#### Task description:
Could you copy word for word only the lines between the one containing "Cruiser 20640 License" and the end of the listing below, both included, and leave out the pictures?

Source material section start

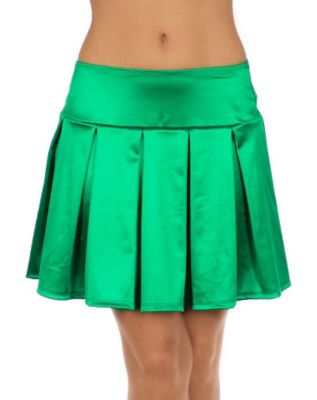 Satin Skirt - Green - Spirithalloween.com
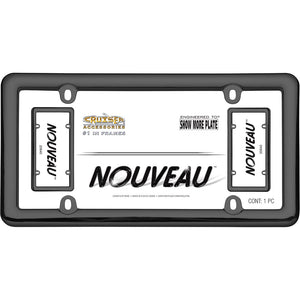 Cruiser 20640 License Plate Frame||20640_P01-Nouveau_Black_Plastic-Inpack.Jpg||86||c3420640||1355969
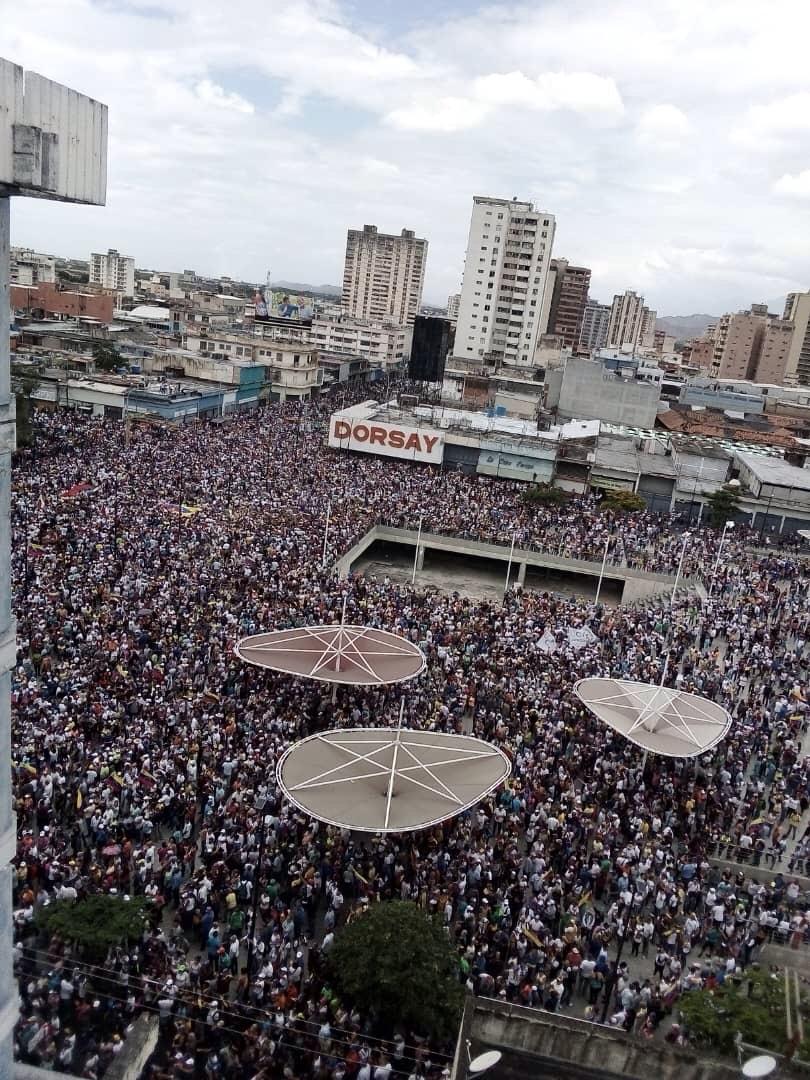 Concentración de la oposición en Aragua. Foto: Cortesía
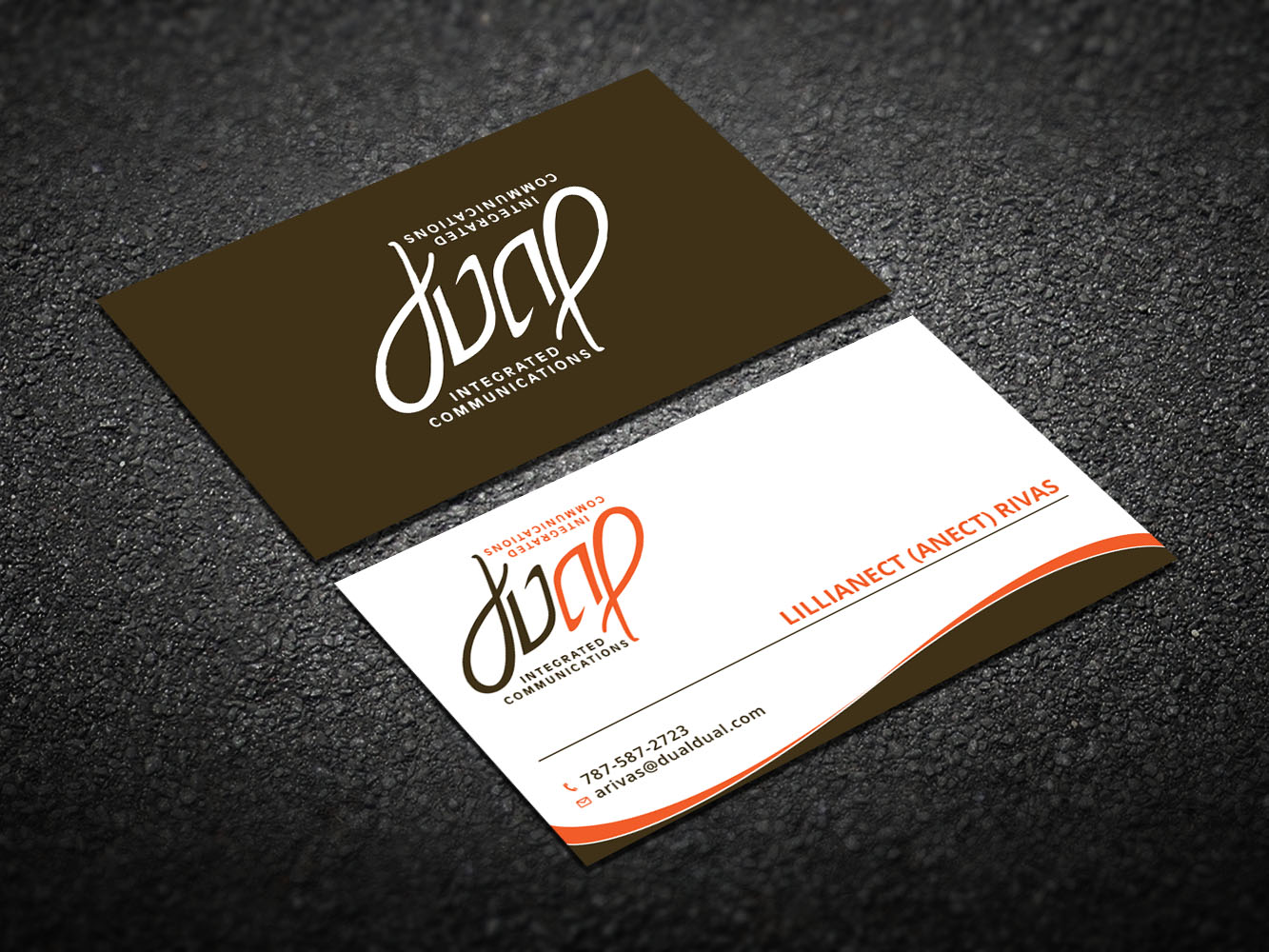 Visitenkarten-Design von Verified artistry für Dual Integrated Communications | Design #10666851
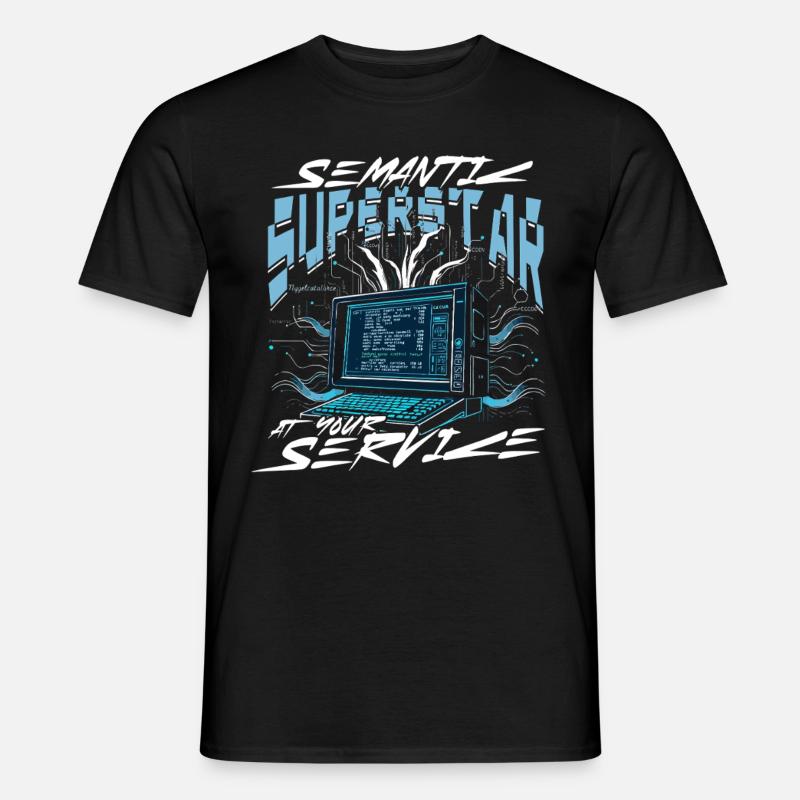 Computerlinguist - Männer T-Shirt - Schwarz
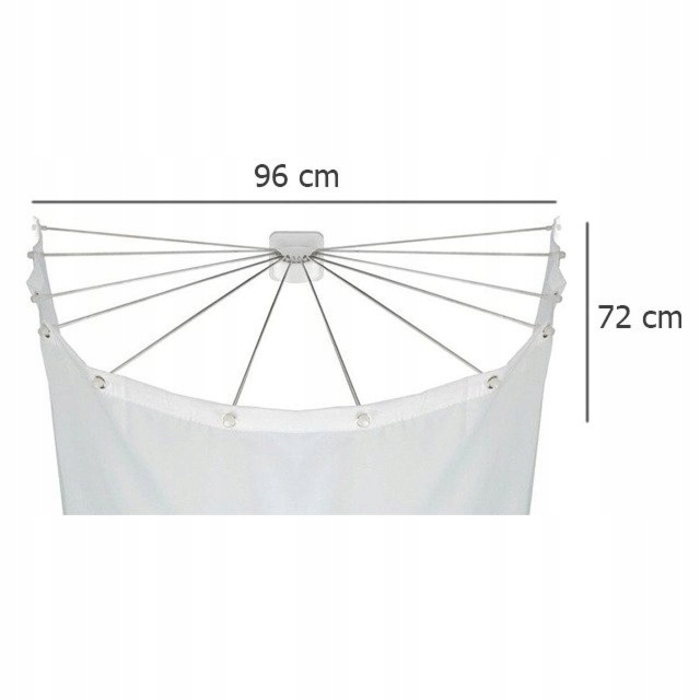 Дуговий шторний карниз Wenko 72-96 x 10 мм, білий
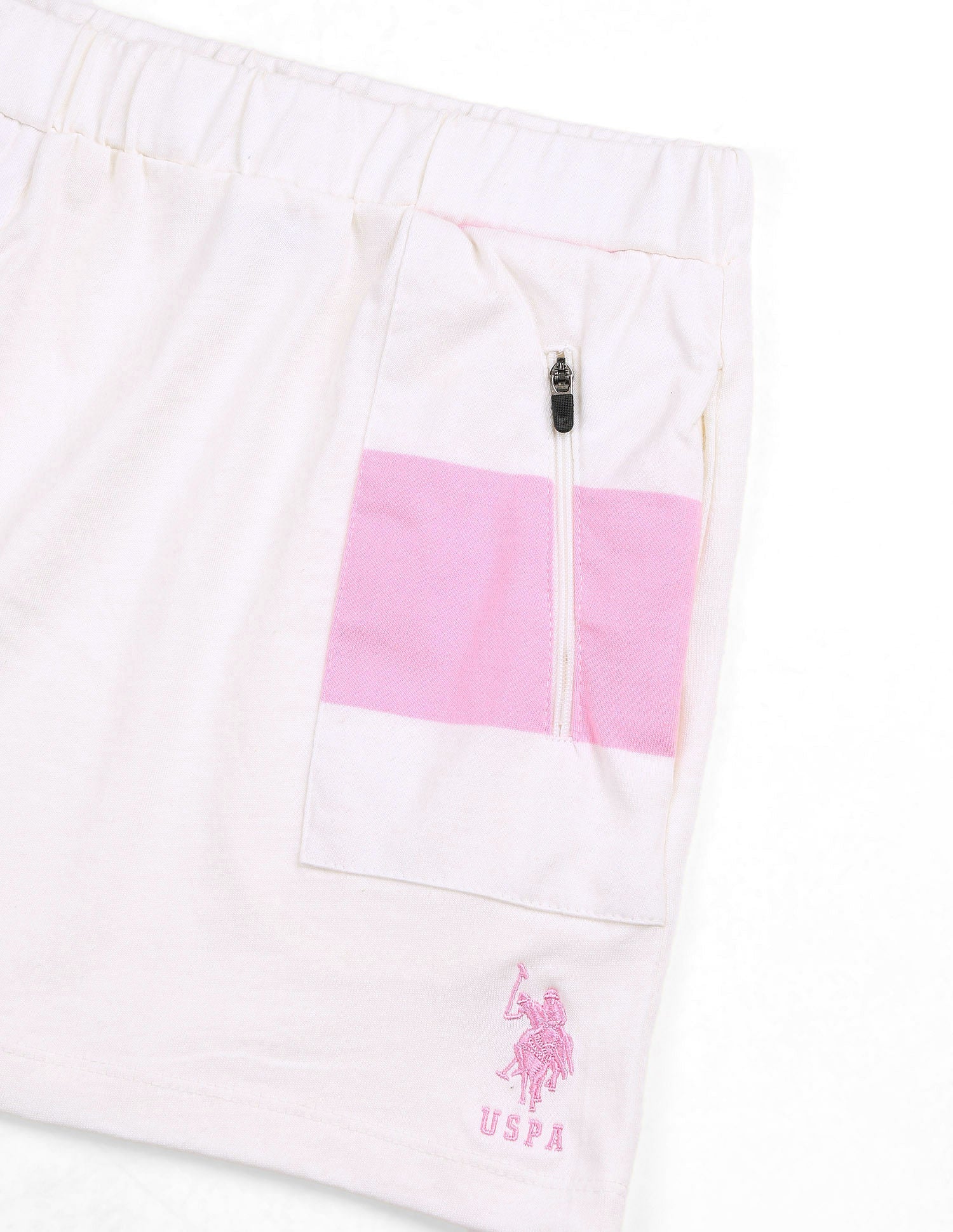 Girls Solid Mini Pencil Skirt Light Pink - U.S. POLO ASSN. | Large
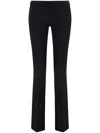 Elisabetta Franchi Flared Trousers With Button Detail And Ribbed Texture In Black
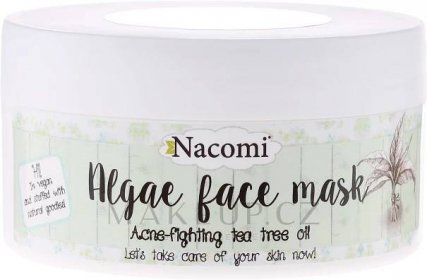 Alginátová maska na obličej "Zelený čaj" - Nacomi Professional Face Mask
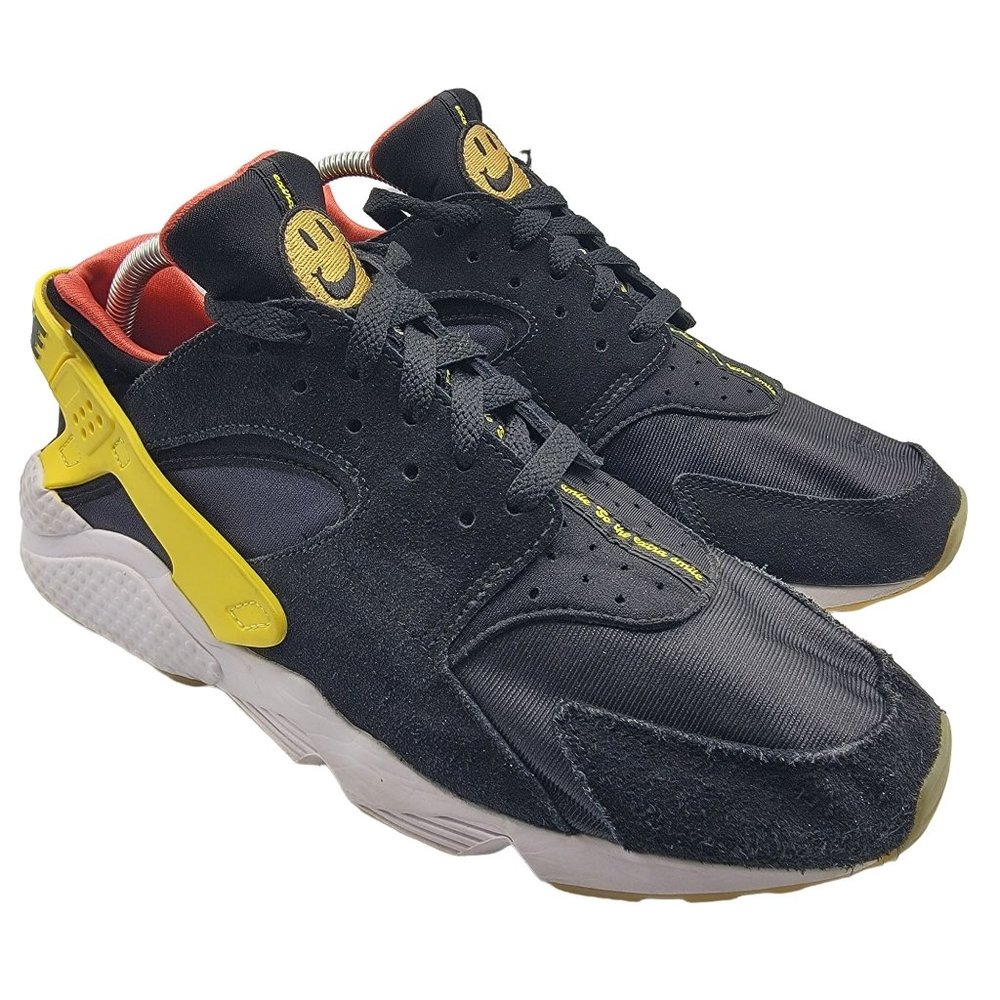 Nike Womens Shoes Size 12 Black Air Huarache Run Go The Extra Smile DO5873-001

Source material section end

#### Output of the task:
 Cruiser 20640 License Plate Frame||20640_P01-Nouveau_Black_Plastic-Inpack.Jpg||86||c3420640||1355969
 Concentración de la oposición en Aragua. Foto: Cortesía
 Visitenkarten-Design von Verified artistry für Dual Integrated Communications | Design #10666851
 Computerlinguist - Männer T-Shirt - Schwarz
 Дуговий шторний карниз Wenko 72-96 x 10 мм, білий
 Girls Solid Mini Pencil Skirt Light Pink - U.S. POLO ASSN. | Large
 Elisabetta Franchi Flared Trousers With Button Detail And Ribbed Texture In Black
 Alginátová maska na obličej "Zelený čaj" - Nacomi Professional Face Mask
 Nike Womens Shoes Size 12 Black Air Huarache Run Go The Extra Smile DO5873-001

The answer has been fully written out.